Pandangan Dokter Lokal tentang Konsumsi Mi Instan yang Masih dalam Batas Aman
Sementara itu, dokter asal Surabaya dr. Sungadi Santoso atau dr. Sung, yang kerap mengedukasi masyarakat soal pola makan harian, memberikan pandangan tambahan.
Ia menegaskan bahwa produk mi instan yang telah terdaftar di BPOM sebenarnya sudah melalui proses uji keamanan pangan, termasuk terkait pengawet seperti natrium benzoat dan pewarna tartrazine. Menurutnya, bahan tersebut masih aman dikonsumsi selama berada pada batas wajar.
Namun, ia menilai masalah muncul ketika seseorang mengonsumsi mi instan setiap hari, bahkan lebih dari satu bungkus dalam sehari. Hal ini berkaitan dengan komposisi gizi mi instan yang cenderung tidak seimbang. Menurut dr. Sung, mi instan tinggi karbohidrat dan lemak, tetapi rendah protein, vitamin, mineral, dan fitonutrien. Jika menjadi makanan pokok tanpa tambahan gizi pendamping, tubuh dapat mengalami defisiensi nutrisi penting, seperti kekurangan zat besi, kalsium, hingga sejumlah vitamin.
“Kondisi ini dapat membuat seseorang mudah lelah, mengantuk, sulit berkonsentrasi, dan rentan sakit,” ujar dr.

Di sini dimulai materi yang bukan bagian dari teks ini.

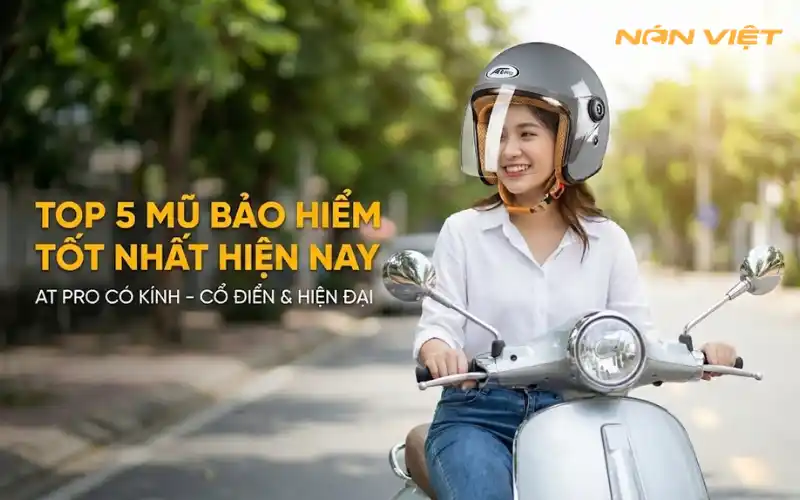 Mũ Bảo Hiểm At Pro Có Kính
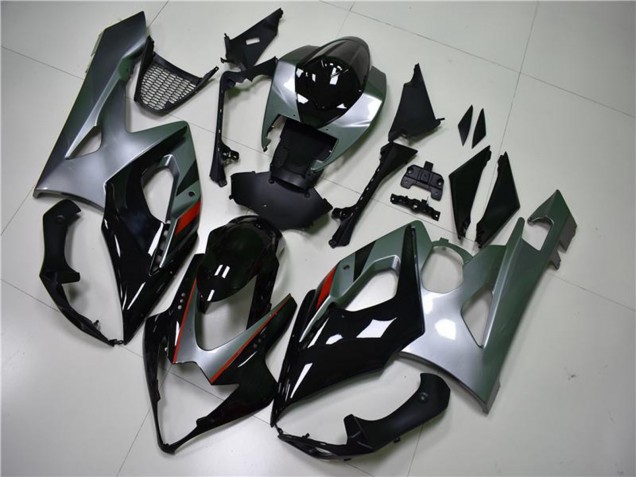 2005-2006 Suzuki GSXR 1000 Motorcycle Fairing - Glossy Black Silver UK
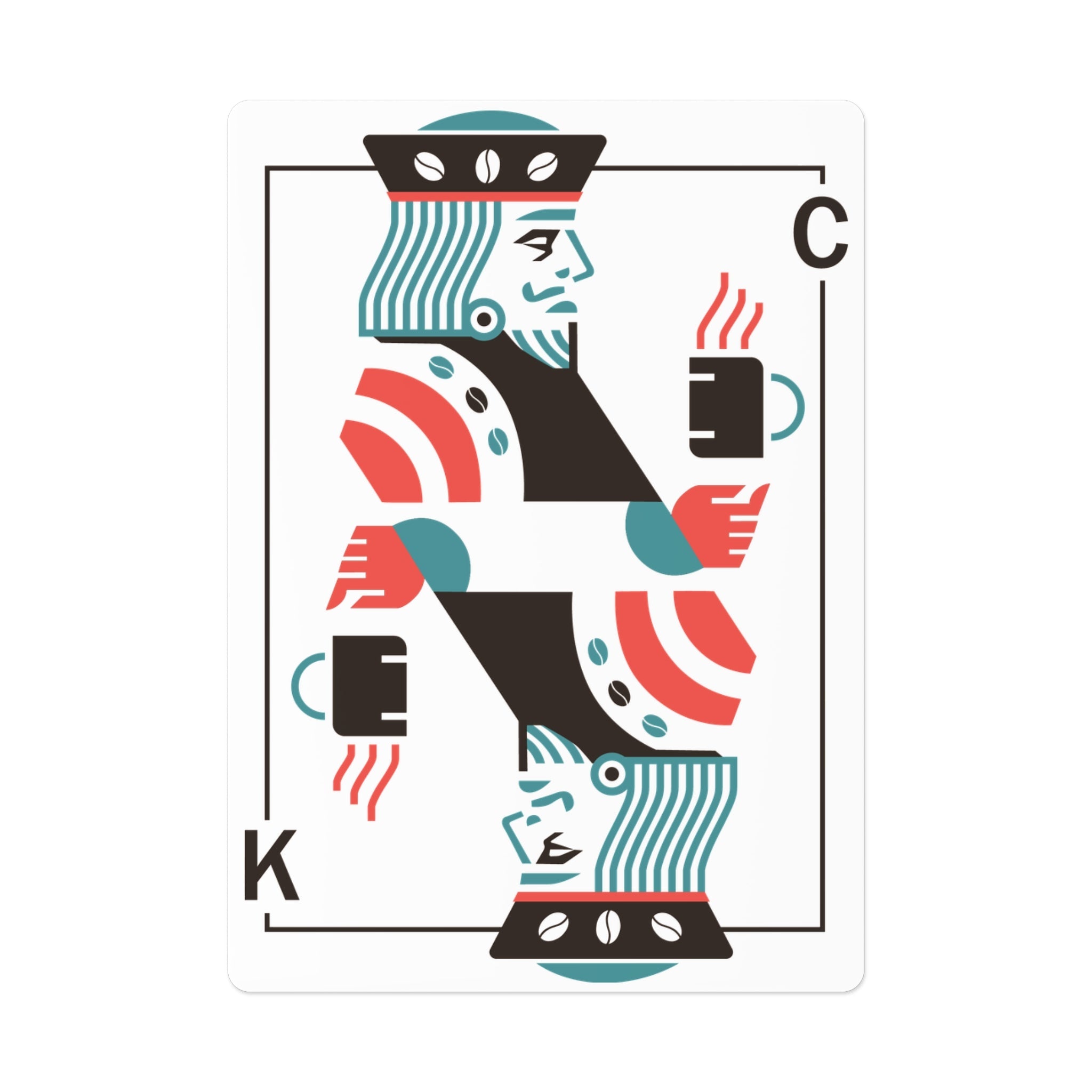 Caffeine Kings Poker Cards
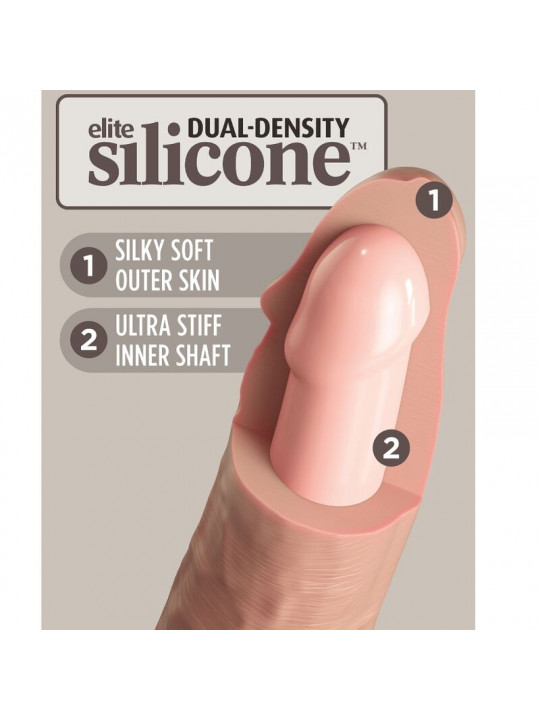 KING COCK - ELITE DILDO REALISTICO IN SILICONE 15.2 CM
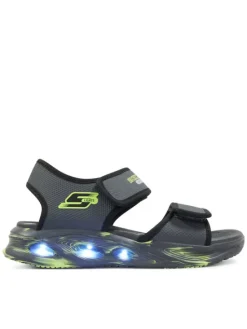 Skechers Sandały Skechers S-Lights: Sola Glow Sandal - Fusion Brights Szary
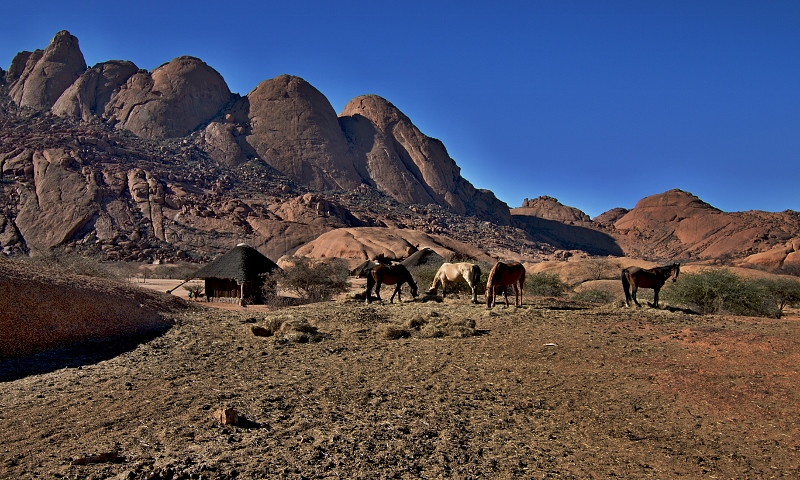 Spitzkoppe - okolí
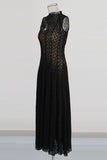 Sleeveless Lace Maxi Dress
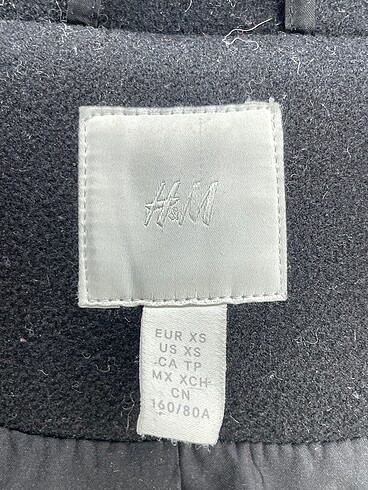 xs Beden siyah Renk H&M Kaban %70 İndirimli.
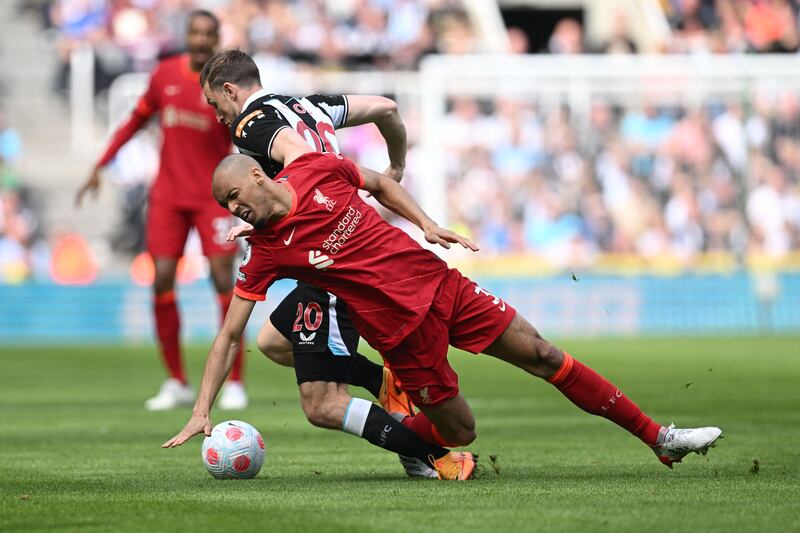 Fabinho - 7

The Brazilian came on for Henderson in the 69th minute. He was tricked by Saint-Maximin in the centre circle but otherwise kept things ticking over. 
AFP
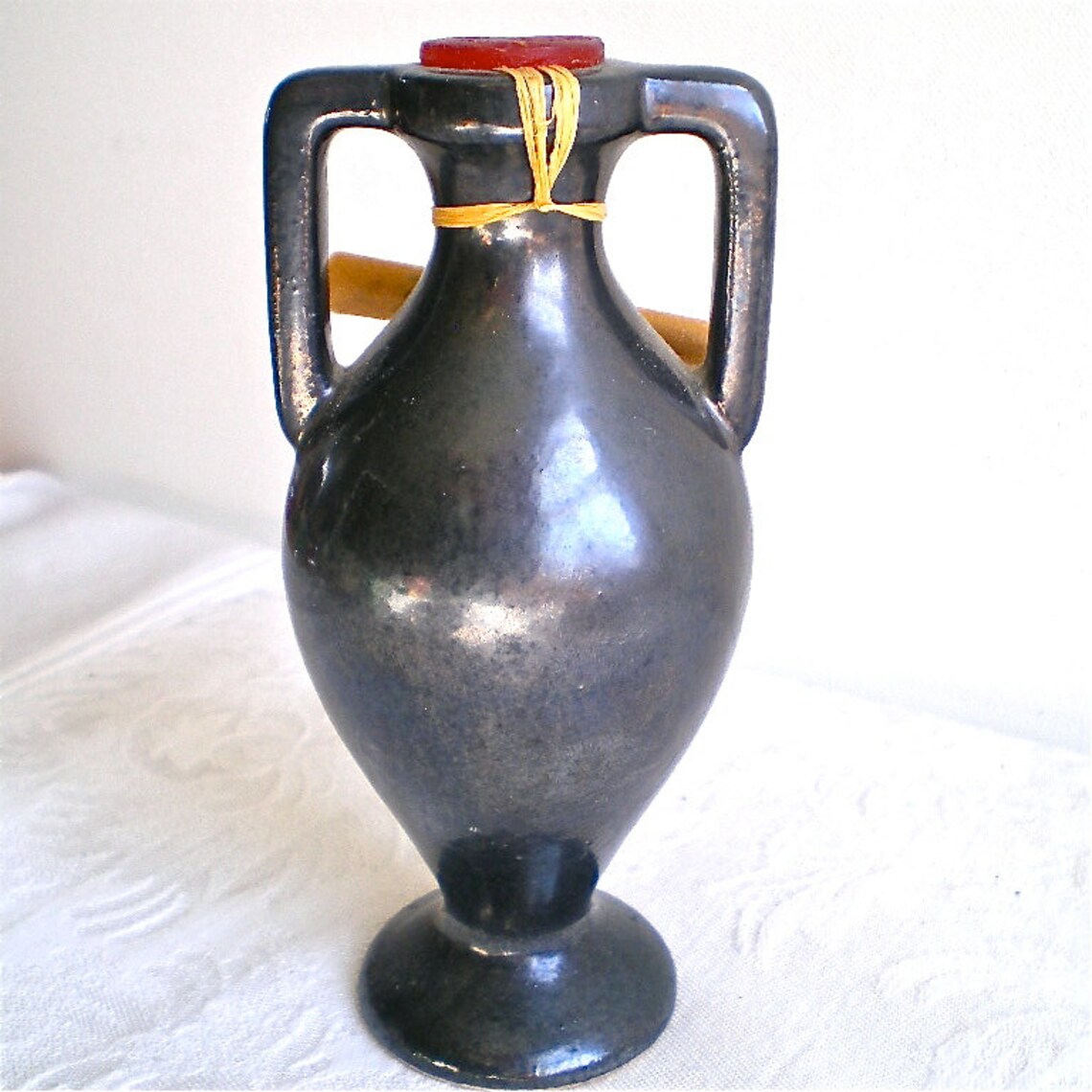 Israel Pottery Vintage Urn Sealed Israel Judica Black Etsy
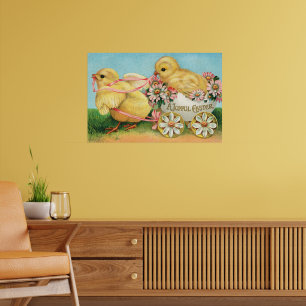 Poster Un Pâques joyeux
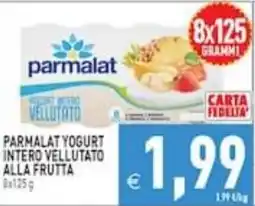 Supermercati Agorà Parmalat yogurt intero vellutato alla frutta offerta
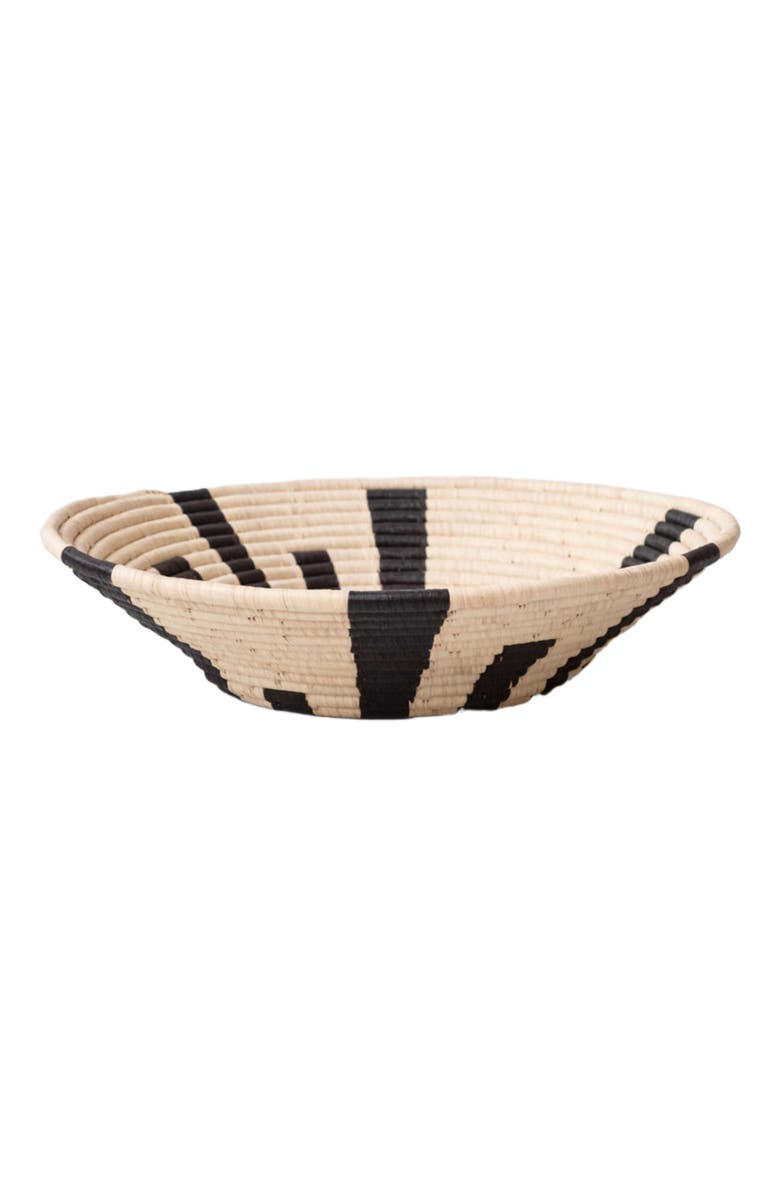 Maadili Collective Large Warp Speed Basket, Alternate, color, Black & Natural Fiber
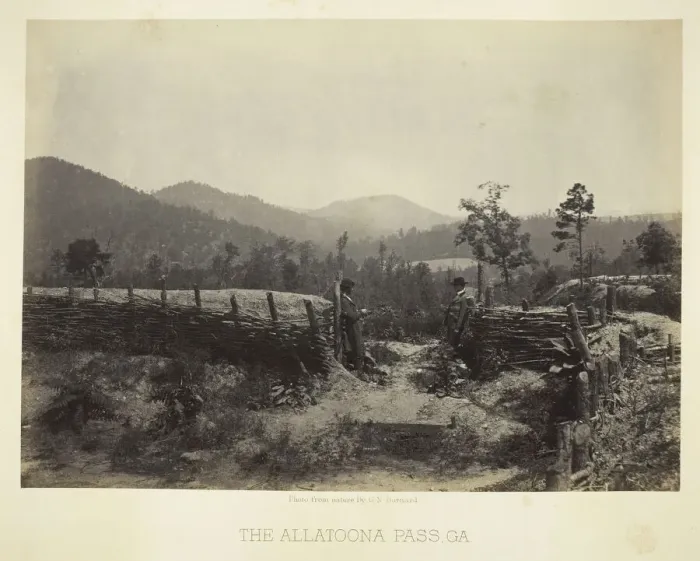 Framed Print : The Allatoona Pass, GA, 1866. Creator: George N. Barnard Framed Print : The Allatoona Pass, GA, 1866. Creator: George N. Barnard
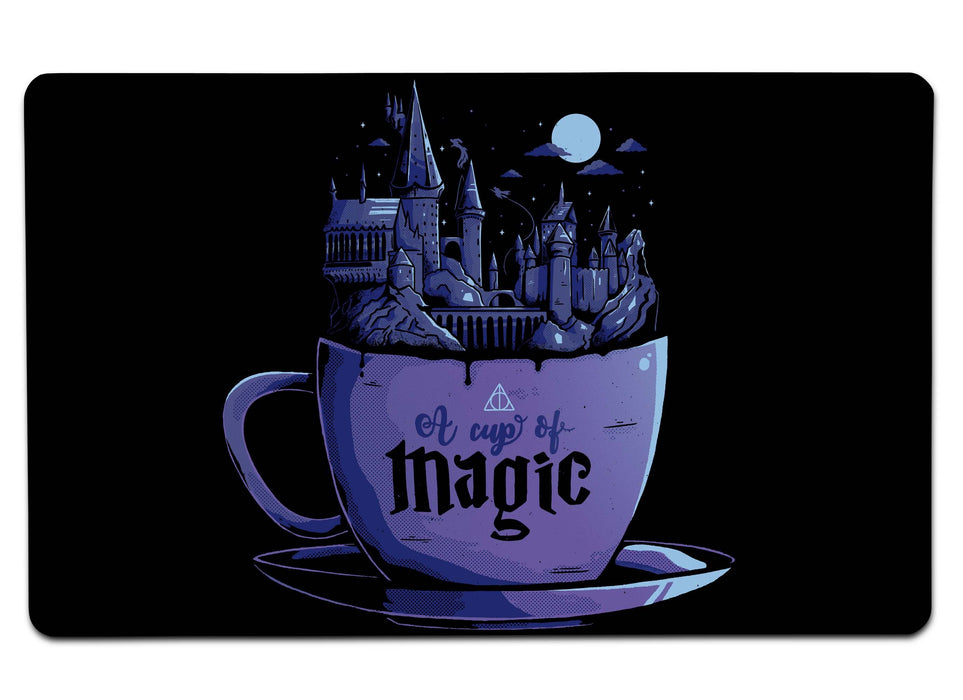 A Cup Of Magic Large Mouse Pad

Sung, sebagaimana dikutip dari edukasi sehat di kanal YouTube SB30 Health.
Selain itu, ia menyoroti tingginya kandungan garam dalam bumbu mi instan. Konsumsi garam berlebih secara terus-menerus dapat meningkatkan risiko tekanan darah tinggi serta gangguan kesehatan lainnya. Ia juga menyebut bahwa tubuh awalnya mungkin mampu beradaptasi, tetapi dalam jangka panjang, pengawet dan pewarna dapat menumpuk apabila dikonsumsi berlebihan.
“Awalnya tubuh bisa beradaptasi, tapi lama-kelamaan pengawet dan pewarna yang semestinya bisa dinetralisir jadi menumpuk. Berat badan naik, risiko obesitas meningkat, dan muncul penyakit degeneratif lainnya,” jelasnya.
Dengan berbagai penjelasan para ahli tersebut, konsumsi mi instan tetap bisa dilakukan, tetapi harus dibatasi dan diimbangi dengan makanan bergizi lain. Pilihan terbaik adalah menjadikan mi instan sebagai makanan selingan sesekali, bukan sebagai menu utama harian.